WASHINGTON (Reuters) -The head of the U.S. National Transportation Safety Board on Monday criticized electric carmaker Tesla Inc’s decision to provide new self-driving software to vehicle owners without addressing safety concerns that the agency raised after a series of fatal accidents.
NTSB Chair Jennifer Homendy wrote a letter to Tesla Chief Executive Elon Musk about his decision to let drivers request access to “Full Self-Driving Beta technology” before the automaker addressed “the very design shortcomings” implicated in fatal crashes in Florida and California involving its Autopilot driver-assistance system. Beta refers to a trial version of a product.
“If you are serious about putting safety front and center in Tesla vehicle design, I invite you to complete action on the safety recommendations we issued to you four years ago,” Homendy wrote.
The Full Self-Driving technology expands on the Autopilot software that helps with vehicle steering, accelerating and braking.
Tesla did not immediately respond to a request for comment.
The NTSB previously urged Tesla to add system safeguards to limit the use of automated vehicle-control systems to designated conditions and to develop applications to “more effectively sense the driver’s level of engagement.” The agency makes safety recommendations and has no regulatory authority.
Tesla has never officially responded to those recommendations.
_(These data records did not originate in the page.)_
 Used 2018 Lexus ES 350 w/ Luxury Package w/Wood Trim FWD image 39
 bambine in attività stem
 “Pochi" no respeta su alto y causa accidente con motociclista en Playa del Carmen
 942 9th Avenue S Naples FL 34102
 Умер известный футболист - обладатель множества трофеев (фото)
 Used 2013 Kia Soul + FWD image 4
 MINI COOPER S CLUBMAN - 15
Also on Monday, the National Highway Traffic Safety Administration, which regulates auto safety, disclosed that Tesla has given the agency a partial response https://static.nhtsa.gov/odi/inv/2021/INME-PE21020-1022.pdf to an information request issued as part of NHTSA’s formal safety investigation into the automaker’s Autopilot technology.
NHTSA said in an memo written last Friday and released on Monday that Tesla’s response “has been received and is being reviewed.” Tesla has asked NHTSA to keep its entire response confidential.
The agency in August sent Tesla an 11-page letter with questions it was required to answer by last Friday. NHTSA this month asked Tesla why it had not issued a recall to address software updates made to Autopilot to improve the vehicles’ ability to detect emergency vehicles.
NHTSA’s investigation into 765,000 U.S. vehicles came after a series of crashes involving Tesla models and emergency vehicles. NHTSA has identified 12 crashes that involved Tesla vehicles using the advanced driver-assistance systems and emergency vehicles, with most of the incidents occurring after dark.
In a separate letter this month, NHTSA asked Tesla to provide answers by Nov. 1 on its semi-autonomous driving technology called “Autosteer on City Streets” that the company made available to vehicle owners last year. Tesla refers to this technology as FSD.
“Despite Tesla’s characterization of FSD as ‘beta,’ it is capable of and is being used on public roads,” NHTSA said.
Tesla on Sunday rolled back the latest version of this software, less than a day after its release, after users complained of false collision warnings and other issues.
NHTSA also raised concerns about limits that Tesla has compelled vehicle owners to accept on disclosure to the public of safety issues.